Thu Feb 18 14:06:29 EST 2016

On Thur, Feb 17, 2016 at 9:24 AM, Ian Kelly <ian.g.kelly at gmail.com> wrote:
>> What is the pattern for chaining execution of tasks with ThreadPoolExecutor?
>> Callbacks is not an adequate facility as each task I have will generate new output.
>
> Can you specify in more detail what your use case is?
>
> If you don't mind having threads sitting around waiting, you can just
> submit each chained task at the start and have each task wait on the
> futures of its dependencies. The advantage of this is that it's easy
> to conceptualize the dependency graph of the tasks. The disadvantage
> is that it eats up extra threads. You'll probably want to increase the
> size of the thread pool to handle the waiting tasks (or use a separate
> ThreadPoolExecutor for each chained task).

The thing with callbacks is each one gets the original tasks result. So the
callback can't pass a new task result up and/or cancel the task "set".

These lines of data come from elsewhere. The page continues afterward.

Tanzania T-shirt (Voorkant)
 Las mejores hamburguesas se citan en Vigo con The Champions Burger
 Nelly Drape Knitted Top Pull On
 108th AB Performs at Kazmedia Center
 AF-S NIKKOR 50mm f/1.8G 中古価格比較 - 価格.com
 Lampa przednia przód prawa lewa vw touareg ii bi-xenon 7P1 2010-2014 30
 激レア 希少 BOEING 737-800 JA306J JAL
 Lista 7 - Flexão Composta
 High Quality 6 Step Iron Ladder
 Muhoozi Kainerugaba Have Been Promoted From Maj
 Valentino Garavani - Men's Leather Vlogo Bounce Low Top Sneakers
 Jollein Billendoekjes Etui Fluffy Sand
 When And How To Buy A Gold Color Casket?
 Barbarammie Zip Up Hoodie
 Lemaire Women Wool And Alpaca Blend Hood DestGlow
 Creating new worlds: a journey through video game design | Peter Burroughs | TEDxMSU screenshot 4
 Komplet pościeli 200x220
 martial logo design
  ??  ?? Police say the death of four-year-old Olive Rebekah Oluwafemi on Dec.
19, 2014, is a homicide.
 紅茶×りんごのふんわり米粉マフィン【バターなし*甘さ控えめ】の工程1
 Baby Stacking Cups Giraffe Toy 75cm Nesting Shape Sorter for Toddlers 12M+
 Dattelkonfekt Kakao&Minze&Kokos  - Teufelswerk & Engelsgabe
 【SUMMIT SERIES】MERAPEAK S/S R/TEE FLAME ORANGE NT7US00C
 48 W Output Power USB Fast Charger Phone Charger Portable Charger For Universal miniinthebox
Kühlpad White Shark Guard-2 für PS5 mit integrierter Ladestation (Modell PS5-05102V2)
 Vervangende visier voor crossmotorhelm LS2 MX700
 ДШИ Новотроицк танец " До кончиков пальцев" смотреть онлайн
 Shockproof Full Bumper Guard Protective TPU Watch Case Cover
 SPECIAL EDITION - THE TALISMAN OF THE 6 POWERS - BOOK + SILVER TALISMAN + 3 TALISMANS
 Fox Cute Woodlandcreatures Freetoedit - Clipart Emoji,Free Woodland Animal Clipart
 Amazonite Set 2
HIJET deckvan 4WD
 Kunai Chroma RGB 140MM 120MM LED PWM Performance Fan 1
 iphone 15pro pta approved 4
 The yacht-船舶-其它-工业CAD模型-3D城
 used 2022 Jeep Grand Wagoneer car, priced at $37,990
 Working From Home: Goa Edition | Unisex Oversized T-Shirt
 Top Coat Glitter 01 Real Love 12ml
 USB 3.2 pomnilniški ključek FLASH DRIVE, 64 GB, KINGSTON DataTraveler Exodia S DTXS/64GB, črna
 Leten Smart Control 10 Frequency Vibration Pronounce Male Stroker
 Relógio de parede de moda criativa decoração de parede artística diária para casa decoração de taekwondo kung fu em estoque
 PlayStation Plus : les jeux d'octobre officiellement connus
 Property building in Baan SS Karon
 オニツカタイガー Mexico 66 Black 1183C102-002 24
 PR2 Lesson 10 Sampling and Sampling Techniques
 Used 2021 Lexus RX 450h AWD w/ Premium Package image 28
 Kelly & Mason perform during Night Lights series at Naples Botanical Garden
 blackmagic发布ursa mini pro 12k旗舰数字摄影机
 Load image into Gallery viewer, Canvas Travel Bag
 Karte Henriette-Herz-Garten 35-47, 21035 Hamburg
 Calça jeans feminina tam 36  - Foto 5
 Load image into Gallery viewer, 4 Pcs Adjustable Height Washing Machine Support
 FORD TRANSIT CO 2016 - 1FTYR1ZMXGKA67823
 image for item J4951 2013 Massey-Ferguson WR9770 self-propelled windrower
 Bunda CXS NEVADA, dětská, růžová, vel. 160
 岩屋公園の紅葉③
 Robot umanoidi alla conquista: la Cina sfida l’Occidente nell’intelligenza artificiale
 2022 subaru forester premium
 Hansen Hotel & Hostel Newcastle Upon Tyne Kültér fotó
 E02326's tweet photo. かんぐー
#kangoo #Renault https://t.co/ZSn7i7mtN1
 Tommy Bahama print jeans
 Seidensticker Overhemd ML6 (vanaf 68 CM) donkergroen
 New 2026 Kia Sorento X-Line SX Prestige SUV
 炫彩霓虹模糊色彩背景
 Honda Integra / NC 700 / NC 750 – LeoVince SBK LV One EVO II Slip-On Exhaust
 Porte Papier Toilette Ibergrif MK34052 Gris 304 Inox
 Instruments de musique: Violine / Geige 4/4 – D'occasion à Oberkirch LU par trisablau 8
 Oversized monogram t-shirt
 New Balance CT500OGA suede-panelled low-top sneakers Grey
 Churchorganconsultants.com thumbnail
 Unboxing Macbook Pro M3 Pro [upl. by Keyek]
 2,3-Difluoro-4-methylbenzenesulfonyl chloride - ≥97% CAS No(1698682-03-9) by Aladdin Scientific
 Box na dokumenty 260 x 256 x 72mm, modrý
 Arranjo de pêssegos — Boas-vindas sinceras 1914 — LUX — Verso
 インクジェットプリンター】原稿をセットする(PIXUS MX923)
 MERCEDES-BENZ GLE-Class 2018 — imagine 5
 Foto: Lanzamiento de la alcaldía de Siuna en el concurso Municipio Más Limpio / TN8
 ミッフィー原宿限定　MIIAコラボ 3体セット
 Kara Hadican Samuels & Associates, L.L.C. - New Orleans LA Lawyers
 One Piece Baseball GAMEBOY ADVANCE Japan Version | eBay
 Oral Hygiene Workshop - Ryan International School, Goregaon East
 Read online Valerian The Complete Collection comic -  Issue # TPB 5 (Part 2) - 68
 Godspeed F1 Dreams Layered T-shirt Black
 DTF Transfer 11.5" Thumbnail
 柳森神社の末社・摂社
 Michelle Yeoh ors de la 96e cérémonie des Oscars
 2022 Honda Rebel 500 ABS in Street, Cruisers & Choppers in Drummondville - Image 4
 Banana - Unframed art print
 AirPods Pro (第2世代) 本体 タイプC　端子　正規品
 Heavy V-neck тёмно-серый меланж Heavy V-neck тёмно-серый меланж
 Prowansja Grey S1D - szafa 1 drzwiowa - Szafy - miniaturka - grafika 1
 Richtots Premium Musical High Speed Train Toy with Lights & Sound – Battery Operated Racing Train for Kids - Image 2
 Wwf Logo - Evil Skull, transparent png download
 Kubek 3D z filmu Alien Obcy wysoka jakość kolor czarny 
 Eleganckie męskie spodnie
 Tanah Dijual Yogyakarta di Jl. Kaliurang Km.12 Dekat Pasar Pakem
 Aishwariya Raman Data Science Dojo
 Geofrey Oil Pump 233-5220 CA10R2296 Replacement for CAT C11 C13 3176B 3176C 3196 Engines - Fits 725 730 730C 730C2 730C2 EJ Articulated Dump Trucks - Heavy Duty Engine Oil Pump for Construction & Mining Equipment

> Otherwise, is there some reason you can't use multiple callbacks, one
> to handle the task's output and one to submit the chained task?
> 
> E.g.:
> 
> def chain_task2(input, f2):
>     f2 = executor.submit(task2, input, f2.result())
>     f2.add_done_callback(handle_task2_done)
> 
> f1 = executor.submit(task1, input)
> f1.add_done_callback(handle_task1_done)
> f1.add_done_callback(functools.partial(chain_task2, input))

Closing over the executer instance seems potentially race'y. What happens when
the last task finishes and the executer checks (locking the queue) and the task also
wants to add more work. I'll check the source, but I had hoped for a more succinct way.

Thanks,
jlc